A própria região do Digil-Mirifleh se tornou um campo de batalha entre as forças leais a Siad e as milícias de Muhammed Farrah Aidid. Acrescente as secas e o avanço da desertificação, que atingiram grande parte do continente no período. A fragmentação política do país e o caos social são, portanto, um desdobramento direto de fatores externos e das derradeiras disputas geopolíticas do fim da Guerra Fria. Tais fatores externos, é claro, entraram em combinação explosiva com os fatores internos baseados em diversos outros problemas, como as rivalidades locais, e, desde então, a Somália raramente voltou a experimentar momentos de relativa paz. Terreno fértil para o afloramento do fundamentalismo.

Correio da Cidadania: Que outros problemas estruturais podem ser verificados na atualidade do país?

Daniel Cunha: Bom, já falamos da falência da autossuficiência alimentar no país, da explosão demográfica e do massivo êxodo rural. Podemos também falar de fatores estruturais em termos geopolíticos e geoeconômicos.

Durante o Choque do Petróleo de 1973, quase todos os países do continente africano entraram em colapso macroeconômico e em um consequente processo de desestabilização política, em razão de sua profunda dependência do petróleo e dos fertilizantes nitrogenados, derivados do petróleo, para seus programas agrícolas. Este foi o período em que a África mergulhou no que veio então a ser chamado de “Quarto Mundo”.

A Somália, assim como os outros países, procurou reagir a esse colapso como pôde, e aderiu à Liga Árabe precisamente em 1974, em uma manobra calculada do regime de Siyad para canalizar fundos dos países árabes exportadores de petróleo, principalmente da Arábia Saudita. O regime, até então vinha sendo apoiado pela União Soviética e por Cuba, em sentido não apenas militar, mas um pouco também financeiro.

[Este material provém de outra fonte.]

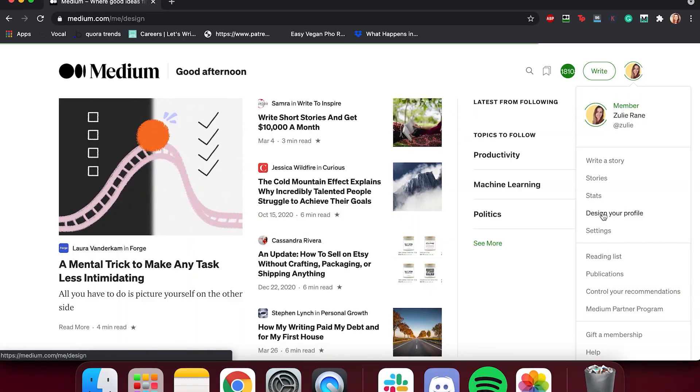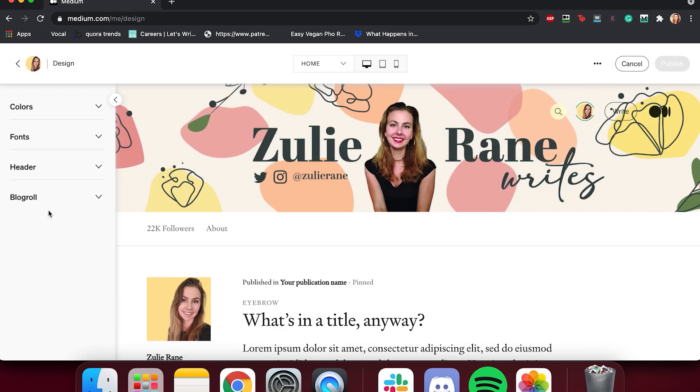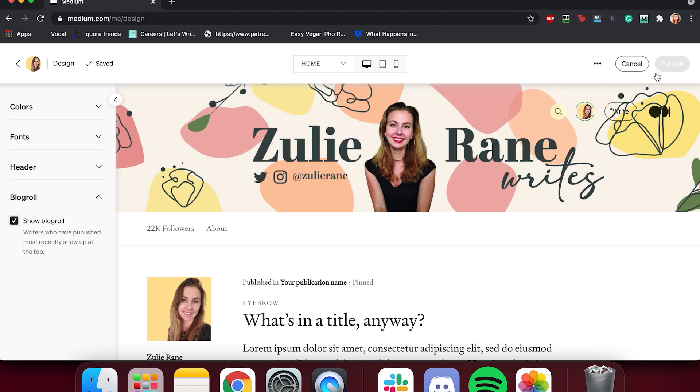Number three: how do you enable it? Very, very simple. You're going to go to the Medium homepage, click on your little profile button in the top right, and click on 'design your profile.' That'll take you to a sort of mock-up of your profile. You don't have to change anything — just look on the left-hand side and you'll see the enable blog roll option, tick it and you're done. Just save.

A revolução etíope de 1974 reverteu esse quadro em favor do coronel Mengitsu, e Siad se viu obrigado a migrar da órbita pró-soviética para a órbita pró-saudita, e logo pró-estadunidense, como já havíamos adiantado. Sabemos que os sauditas têm fomentado, desde então, os movimentos sunitas ultraconservadores semelhantes ao wahabismo, como os salafistas. Esta também é uma das razões de fundo da virada fundamentalista na Somália, assim como em outros países norte-africanos e do Sahel. Defendo a relevância desse enfoque, que poderíamos chamar apropriadamente de “economia política da radicalização islâmica”, que envolve um processo dinâmico e com ressonâncias de média e longa duração.

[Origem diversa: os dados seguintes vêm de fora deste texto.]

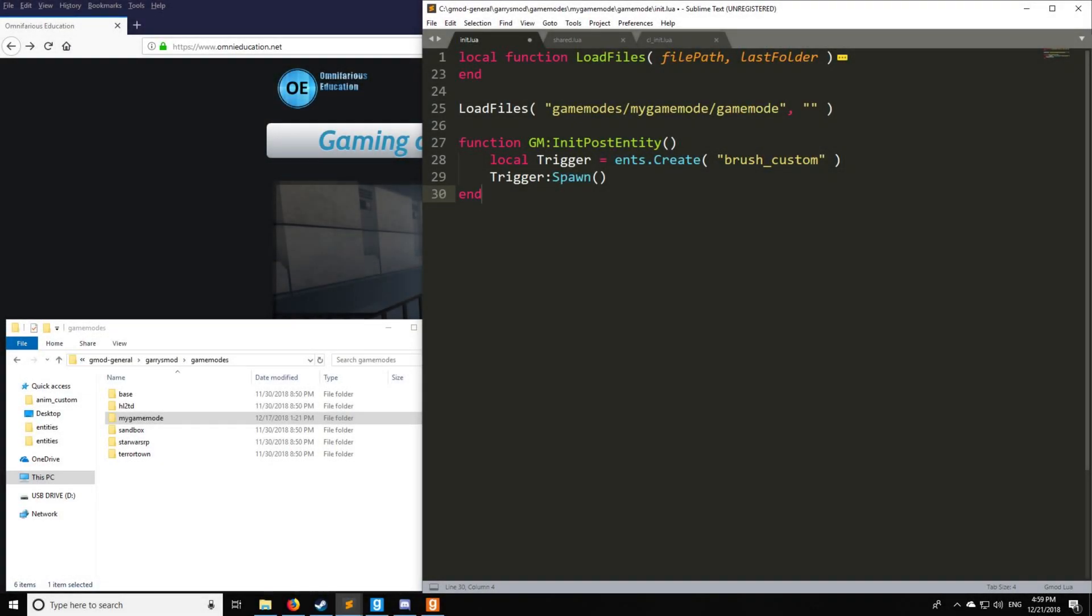Hello, HolyWireMod here. Welcome to tutorial 19 in the GLua Pro series, where we're going to be taking a look at triggers and custom brush entities.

Há ainda outro fator estrutural de ordem geopolítica e geoeconômica a ser mencionado. Todos os dias, passam em frente ao litoral da Somália e por entre o estreito de Bab-el-Mandeb, entre o Djibuti e o Iêmen, cerca de três milhões de barris de petróleo, carregados por milhares de cargueiros. Não por acaso, essa é a principal área geográfica do mundo em que aflora a chamada “radicalização da pirataria marítima”, que já mencionamos. Não há como negar que tem aumentado a cooperação entre os piratas e os grupos “terroristas” regionais. Mas por que os piratas, que antes se dedicavam às inofensivas atividades de pesca, decidiram partir para o ataque contra os petroleiros?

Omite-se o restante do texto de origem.